- Theatrical release poster
- French: Chien 51
- Directed by: Cédric Jimenez
- Screenplay by: Olivier Demangel; Cédric Jimenez;
- Based on: Chien 51 by Laurent Gaudé
- Produced by: Hugo Sélignac
- Starring: Gilles Lellouche; Adèle Exarchopoulos; Louis Garrel; Romain Duris; Valeria Bruni Tedeschi; Artus;
- Cinematography: Laurent Tangy
- Edited by: Laure Gardette; Stan Collet;
- Music by: Guillaume Roussel
- Production companies: Chi-Fou-Mi Productions; Studiocanal; France 2 Cinéma; Jim Films; Artemis Productions;
- Distributed by: Studiocanal
- Release dates: 6 September 2025 (Venice); 15 October 2025 (France);
- Running time: 105 minutes
- Countries: France; Belgium;
- Language: French
- Budget: €40–50 million
- Box office: $11 million

= Dog 51 =

Dog 51 (Chien 51) is a 2025 science fiction thriller film directed by Cédric Jimenez, co-written with Olivier Demangel and based on the 2022 novel by the same name by Laurent Gaudé.
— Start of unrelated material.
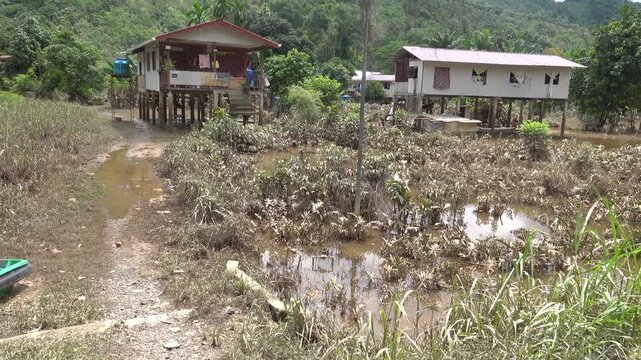 Flooding of a tropical river in a rainforest during the rainy season (monsoon), continuous-rain flood. The bungalows (pile dwellings)ended up in the water. Borneo Island, Malaysia, January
Starring Gilles Lellouche, Adèle Exarchopoulos, Louis Garrel, Romain Duris, Valeria Bruni Tedeschi and Artus, it follows a crime investigation in a dystopian Paris.

The film had its world premiere out of competition at the 82nd Venice International Film Festival on 6 September 2025, and was theatrically released in France on 15 October by Studiocanal in IMAX formats.

== Premise ==
The film is set in a dystopian future, in 2045, in Paris, where people have been segregated into neighborhoods by social class, and police are directed by an artificial intelligence system. When the creator of the system is murdered, investigators Salia and Zem work to solve the case, and in doing so discover alarming information about the authority that governs them.

==Cast==
- Gilles Lellouche as Zem Brecht
- Adèle Exarchopoulos as Salia Malberg
- Louis Garrel as Jon Mafram
- Romain Duris as Théo Rimarval
- Valeria Bruni Tedeschi as Irina Mitrovna
- Artus as Malik Bouzid
- Stéphane Bak as Cal
- Thomas Bangalter as Kessel
- Lala &ce as Charline
- Hugo Dillon as Luc
- Daphné Patakia as Amel
- Agathe Mougin as Tobo
- Jeanne Herry as Lucy Monk
- Féodor Atkine as the pastor

== Production ==
An international co-production between France and Belgium, filming took place in Paris and Marseille over eighteen weeks, with an estimated production budget is €40–50 million.

== Release ==
The film debuted at the 82nd Venice International Film Festival on 6 September 2025. For its North American premiere, the film was programmed as a special presentation at the 2025 Toronto International Film Festival. It was released in French theaters on 15 October 2025.

==Reception==

=== Box office ===
The film had 1.38 million admissions at the French box office, grossing $11 million against a budget of €40 million.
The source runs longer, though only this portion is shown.